- [What to work on] Copy, word for word, the lines of the entries below between the one with "Mijmeren overzee achterkant" and the one with "Oval Tray - Siena Collection", inclusive, and leave out everything else.

++++ Data excerpts ++++

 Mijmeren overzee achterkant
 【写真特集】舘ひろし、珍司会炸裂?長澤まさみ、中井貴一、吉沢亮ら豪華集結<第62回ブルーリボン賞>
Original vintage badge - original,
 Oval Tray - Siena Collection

++++
++++ Data excerpts ++++

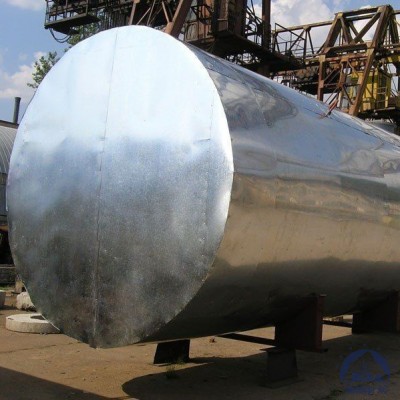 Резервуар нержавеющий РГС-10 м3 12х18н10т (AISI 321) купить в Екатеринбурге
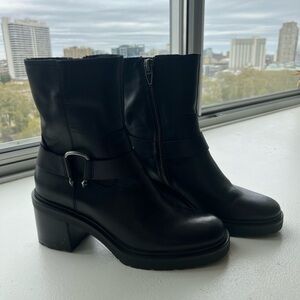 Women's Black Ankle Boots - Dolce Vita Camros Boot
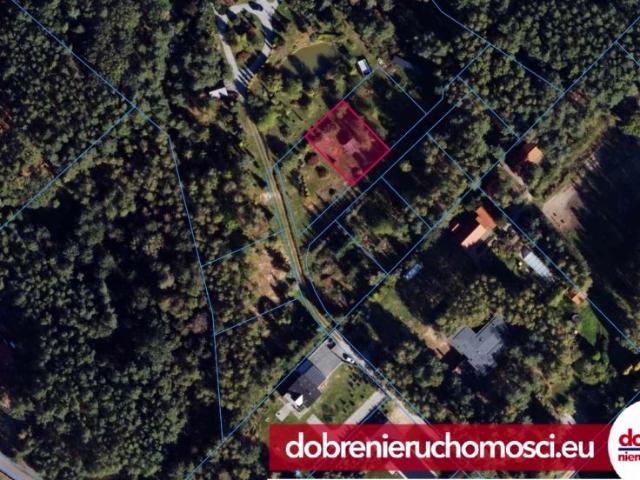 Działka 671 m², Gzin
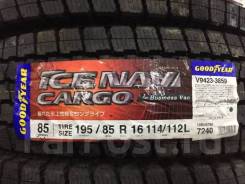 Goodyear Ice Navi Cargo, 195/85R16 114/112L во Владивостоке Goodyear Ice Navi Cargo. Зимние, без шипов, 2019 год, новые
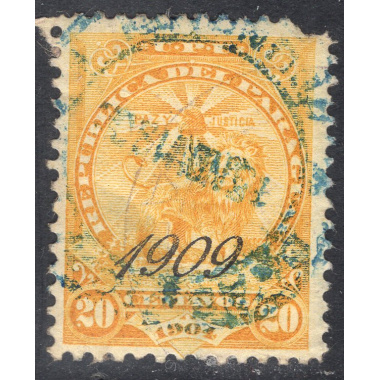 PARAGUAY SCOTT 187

++++

- [Result of this exercise]
 Mijmeren overzee achterkant
 【写真特集】舘ひろし、珍司会炸裂?長澤まさみ、中井貴一、吉沢亮ら豪華集結<第62回ブルーリボン賞>
Original vintage badge - original,
 Oval Tray - Siena Collection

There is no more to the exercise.